The Personalised System Era

For most of computing history, bespoke software was a luxury. If you wanted a tool built exactly for how you worked — your workflows, your data sources, your quirks — you needed either engineering time or enough money to buy it. Everyone else used off-the-shelf software and adapted themselves to it, which is a strange inversion: humans reshaping their habits around the constraints of software rather than the other way around.

AI coding agents changed this equation in a way I don’t think we’ve fully absorbed yet.

I’ve been building a small ecosystem of personal tools over the past few months — a background job runner for AI agents, a CLI for querying my transit system, a tool that checks my health data and writes a weekly summary, another that monitors regulatory circulars relevant to my work. None of these are products. None of them needed to be. They’re just small, precise solutions to friction I kept encountering, built in the gaps between other work, maintained by the same agents that built them.

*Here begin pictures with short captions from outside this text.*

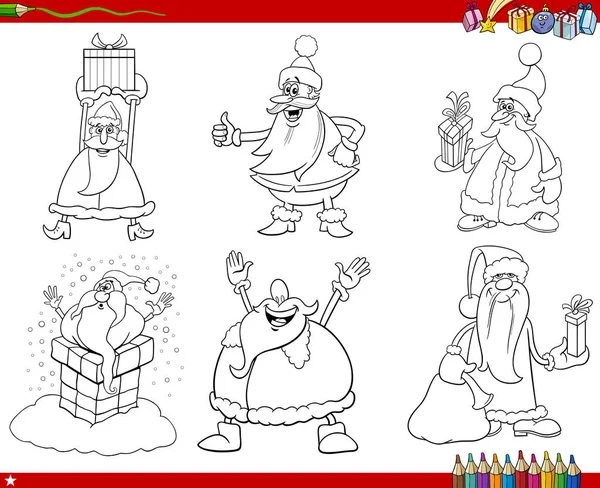 Schwarz Weiße Illustration Der Cartoon Illustration Von Weihnachtsmännern Mit Weihnachtsgeschenken — Stockvektor
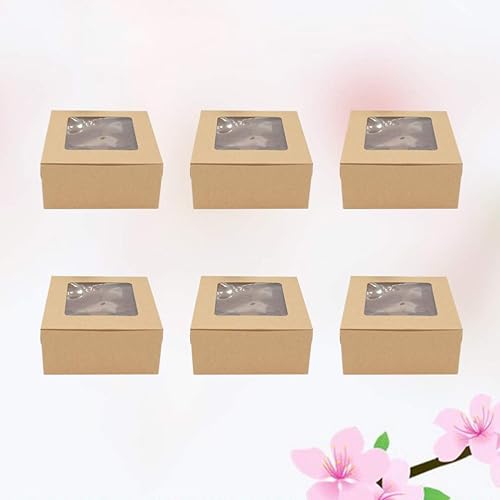 Miniatura 9 de DOITOOL 25 cajas para magdalenas con cuatro compartimentos contenedores portador de papel kraft para magdalenas para galletas, magdalenas, pasteles,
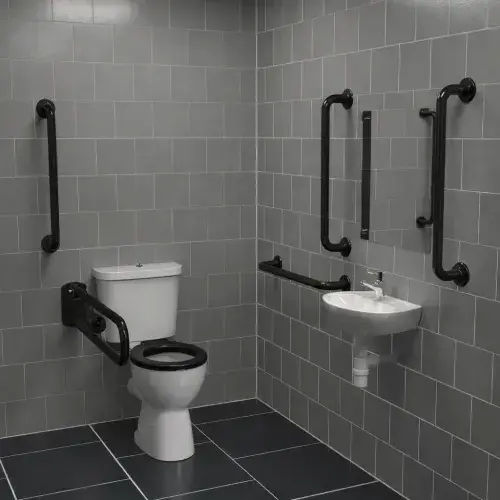 Bathcenter Luxury Doc M Pack with Gloss Black Grab Rails - Push Button Cistern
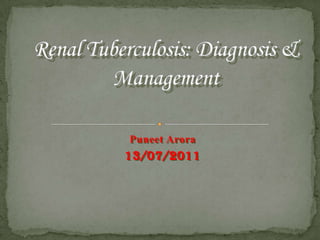 Renal Tuberculosis: Diagnosis & Management PuneetArora 13/07/2011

The shift isn’t that these tools are easier to write (though they are). It’s that the cost of specificity has collapsed. Off-the-shelf software is generic because genericity scales — one codebase, millions of users. But when the cost of building something custom approaches zero, the calculus flips. Why adapt to a generic tool when you can have one that fits exactly?

The interesting question is what this means at scale. When a single person can maintain a fleet of small, personalised tools — each purpose-built for a specific need, each co-evolved with its owner through ongoing conversation with an agent — you get something that looks less like software and more like an extension of how that person thinks. The tool knows which repositories matter to you, which topics you’re tracking, how you like to receive information, what cadence makes sense for your life.

This is meaningfully different from personalisation in the current sense — the kind where an app learns your preferences through a recommendation engine or surfaces content based on your history. That’s personalisation as inference about you. What I’m describing is personalisation as authorship by you. The tool doesn’t guess at your needs; you specify them, refine them, and evolve them through the same conversational interface you use to ask questions.

There’s a risk worth naming. Systems built for one person are brittle in ways that generic systems aren’t — they carry assumptions that stop being true, accumulate cruft as needs change, and have no community of users to surface bugs. The maintenance burden is real, even when agents handle most of it. And there’s something to be said for constraints: generic tools force a kind of discipline, because you can’t keep adding personal exceptions to something other people also use.

But I think we’re in early days of understanding what personalised systems actually feel like to live with over time. The tooling is new enough that most of us are still in the building phase, not the maintaining phase. The harder questions — about coherence, about when to generalise versus specialise, about what happens when your needs change and your tools don’t — are only now becoming visible.

What I can say from where I’m standing: the experience of using a tool that was built for exactly how you work, by an agent that knows your context, is qualitatively different from using software you’ve adapted to. It’s not just faster. It feels like the friction was removed from a direction you didn’t know friction could be removed from.

That’s new. I don’t think we have good language for it yet.